This post is inspired by a podcast I listened to where the person had a stroke that affected his brain and the process he went through the re-train his brain. During that process he learned to meditate with a female Buddhist monk, who passed this insight on to him
Our stroke victim wanted to grow in his compassion for other people and he said he thought he had a lot of compassion. The Monk gave him some advice: She said he had empathy, but not compassion. He indicated that he thought it was very similar.
And this is the insight that followed:
No, she said: ‘Compassion is Empathy with a View.’
By that she meant that empathy had to be accompanied by ‘perspective’ or a view of the world and how it works.
The perspective or view of the world IS THE SILVER BULLET that puts the things you desire in context and makes you understand how to ‘view’ that outcome and to ‘appreciate’ it for what it is.
Having a clear view/ sense of purpose or a life plan helps explain what happens and helps direct your choices towards something in a cohesive manner.

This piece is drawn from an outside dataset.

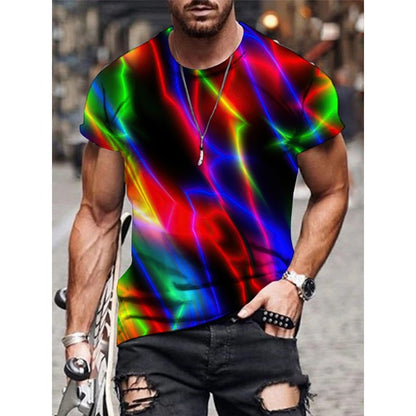 Men's 3D Printed Round-Neck Short-Sleeve T-Shirt (Summer Edition)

On a personal lever your ‘view’ matters: The Christian sees God’s plan, the Hedonist sees pursuit of pleasure; and both of those views will inform how you experience everything. In the one instance pain must be endured and in another it must be avoided.
The Monk understood that empathy was something the individual experienced (internally) but that compassion was something that someone else experienced (externally). Empathy is a warm and fuzzy feeling, but compassion is something that reaches out and touches people.

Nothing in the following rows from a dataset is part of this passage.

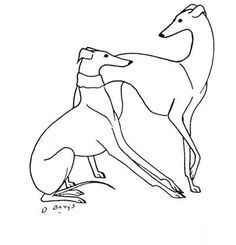 an image of two animals that are in the same line drawing style, one is looking at another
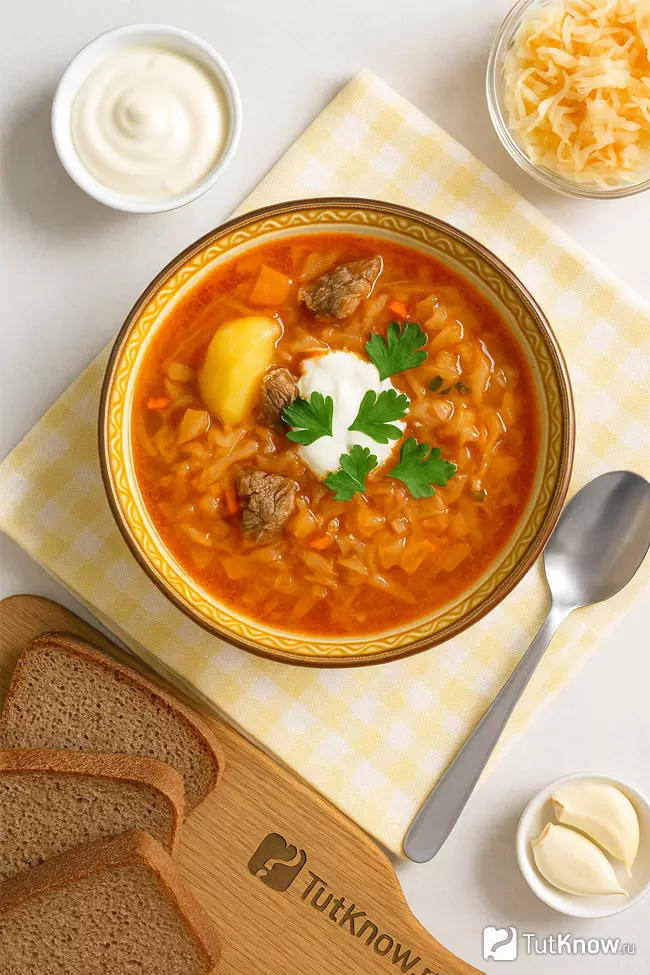 Щи из квашеной капусты с мясом и картофелем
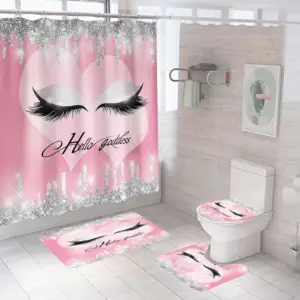 모조리 천사 홈 섬유 커튼-럭셔리 현대 3D 사용자 정의 은빛 눈 긴 속눈썹 디자인 인쇄 샤워 커튼 욕실 세트 사랑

If you want to be able to make sense of the world or have the ability to be resilient in the face of adversity or to be focussed on a specific outcome, the silver bullet is finding your sense of purpose.

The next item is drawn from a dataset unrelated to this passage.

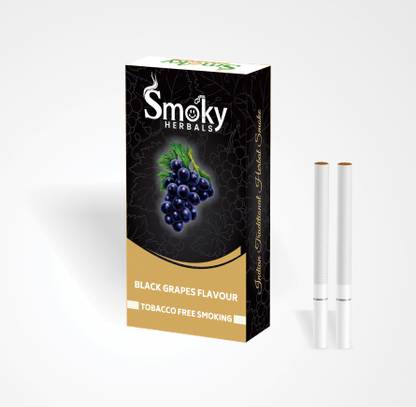 Smoky Herbals 100% Tobacco & Nicotine Free Cigarette - Black Grapes Flavour - 1 Packet Smoking Cessations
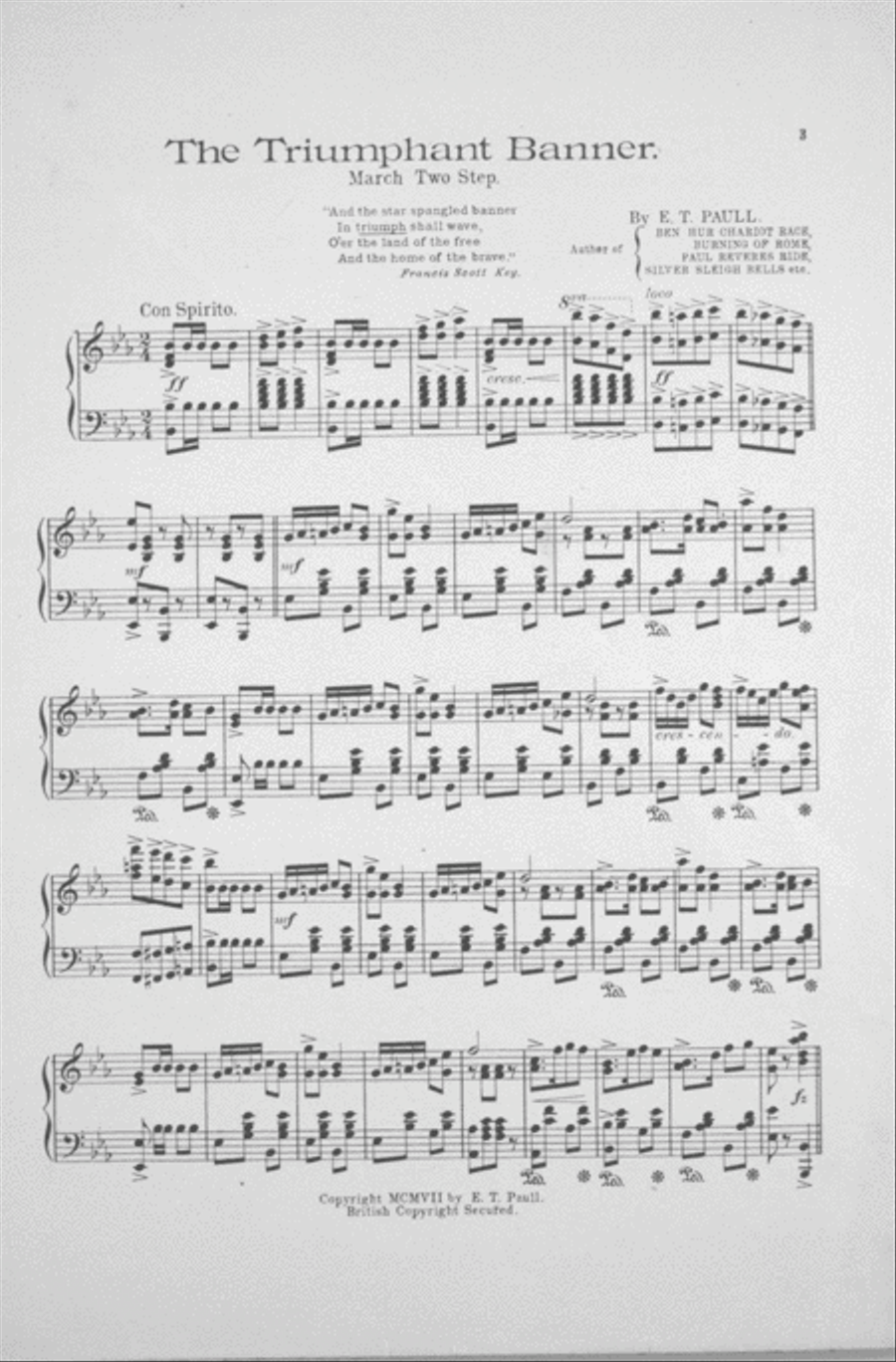 The Triumphant Banner. March Two-Step Piano Solo scores gallery preview page 2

Now for the part that most people miss.
Everybody HAS a view of life. And it DOES shape how you experience life. Only, most people don’t realise what it is nor how it works. Their view of life was formed by accident instead of by disciplined reflection.
Now for the sad part of all of this.
The DEFAULT view of life for most people is their own personal survival. And under the term ‘survival’ I include psychological survival, social survival and the like. We default to do that what is in our own best interests. Or more specifically, we default to what we THINK is the best for us.
The world is a much better place for all those people who purposefully choose to serve their Country, devote time to their Community or serve God – for instance – than for all the people who simply pursue their own personal happiness.
Not only is the world a better place, those people who choose an external focus for their lives are much better equipped to deal with the trials and tribulations of life, and consequently are happier.
There are many stories of people who won Lotto who, within a few years, end up exactly where they were before. (You of course believe you will be different.) The best view of these things was summed up in a Forbes article:
Achieving major life goals, including winning the lottery, or the more basic goal of getting married, doesn’t wind up making us as happy as we expect. (A) big positive event like a lottery win can impact happiness, but its effects diminish over time Why? Because while a lottery win can make a difference, it won’t affect the other conditions of your life, like who your siblings or parents are or your basic disposition.
There are many stories of people who suffered serious setbacks – for example by becoming disable – yet went on to live full and meaningful lives. Nick Vujicic is possibly the best example of what I am trying to say here.
On a corporate/ business lever your ‘view’ matters: A company with a clear sense of purpose – with a strong ‘view’ in the Buddhist’s terms - is one that can direct itself purposefully.
Let’s say you are struggling to be a successful entrepreneur. Your ‘view’ will determine what you do and how you cope and what eventually happens.
If you see business as a game, you will adopt different tactics, maybe hire a coach or even try and bend the rules. Or of course you may simply practice harder.
The MISSION you have for your business is the director/founder’s attempt to articulate the VIEW of the business. It is the answer to the question: “What is this (business) all about?’
To have a clear sense of mission (a ‘view’) makes the present problems and opportunities so much clearer. In fact, unless you have the lens afforded by a clear and powerful vision, you won’t SEE the opportunities when they present themselves. And you will see insurmountable obstacles instead of challenges.
I have written elsewhere about systems thinking in the post ‘Why you can’t have what you want’. In that post I explain how the pursuit of outcomes is misguided, and why we should measure and focus on the Inputs and the Processes.
Your takeaway is to contemplate the inputs and the processes that will produce the outcomes you want – and to focus on that.